La importancia de Jung (quién más pertinentemente habló sobre los artistas, dice),
el haber querido ser buen amigo de Leonardo Sciascia (como lo fue de Pier Paolo
Pasolini o Italo Calvino) o, siguiendo las palabras de Paul Valéry, la necesidad
de la imposición para lograr crear en libertad, se convierten en destellos, en
actos reveladores de otras innumerables “visiones de Fellini”, dulces visiones. Es
fácil decir que en todo ello hay algo de “última mirada” sobre un mundo que ya se
le escapa (o se le escapó, dado que no lograba encontrar dinero para sus
películas, luego ya había sufrido una primera muerte, seguramente más dolorosa: la
imposibilidad de crear), un puñado de adioses. Quizás. También que nos deja
sumidos en una cierta melancolía de paraísos perdidos, preguntándonos qué fue ya
de su cine, tantas veces citado pero ahora sumido en ese extraño olvido. ¿Cuál fue
la última vez que se pasaron sus películas por televisión, o se editaron
decentemente? (preguntas que nos podríamos hacer con otros grandes… Bergman o
Kurosawa, por citar dos cineastas que no le son ajenos, pero que incluso están más
presentes). El libro se completa con innumerables testimonios de otros directores
hablando de lo que fue Fellini para ellos (y también de él mismo, hablando de su
cine), y no puedo dejar de preguntarme qué fue Fellini para mí, aunque eso
seguramente será otra historia, otra historia por escribir.

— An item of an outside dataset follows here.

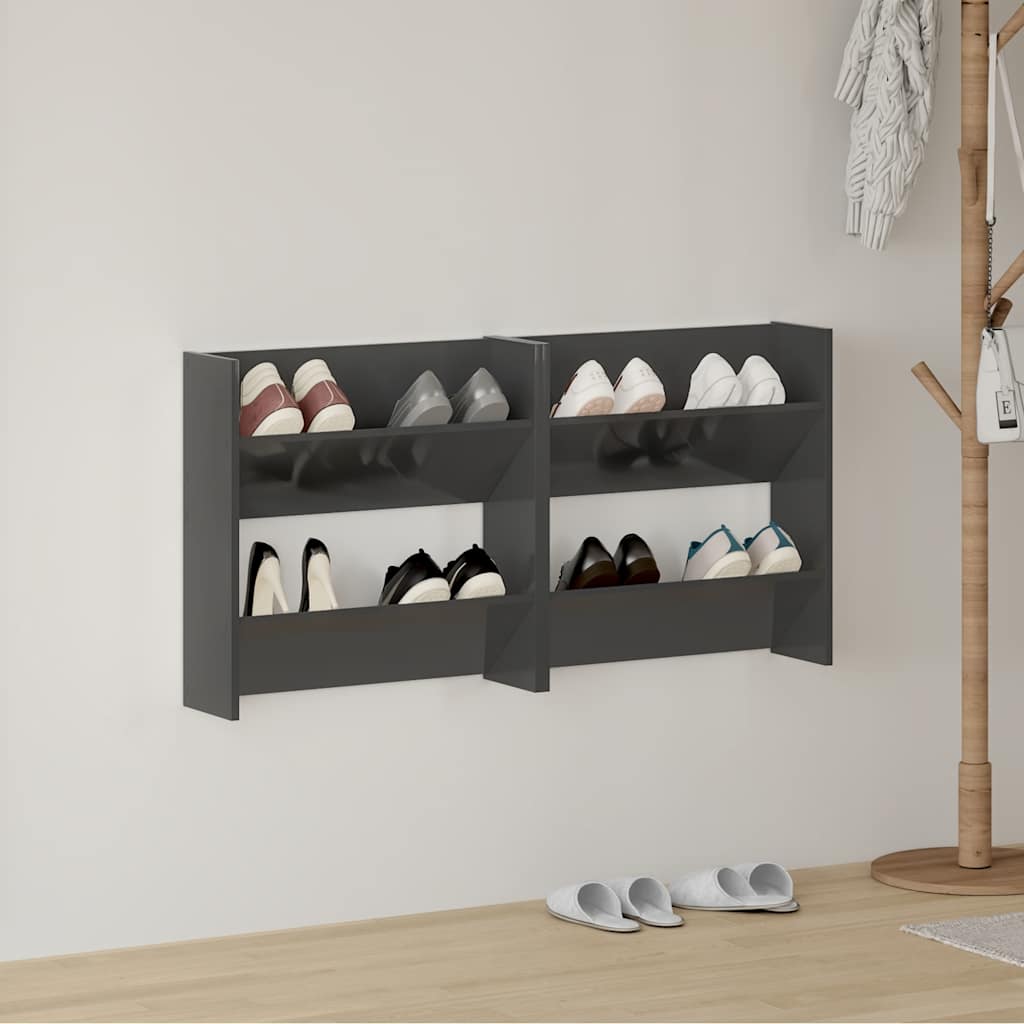 Zidni ormarići za cipele 2 kom sjajni sivi 60x18x60 cm drveni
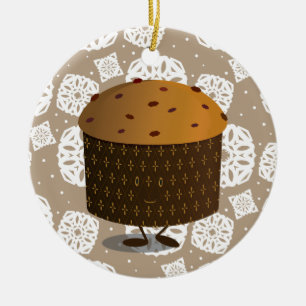 Smiling Panettone Food Christmas Ceramic Tree Decoration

La conversación acababa con una bella frase: “Me da miedo que me consideran un
monumento. Un monumento es pesado e inmóvil. Y se le posan las palomas en la
cabeza.” Sí, es así. Más que nunca hay que abandonar esa idea del creador muerto,
de la obra cerrada, acabada. El verdadero arte, después de todo, es una cuestión
de emoción, y la emoción algo íntimo, personal. Una obra abierta, interminable.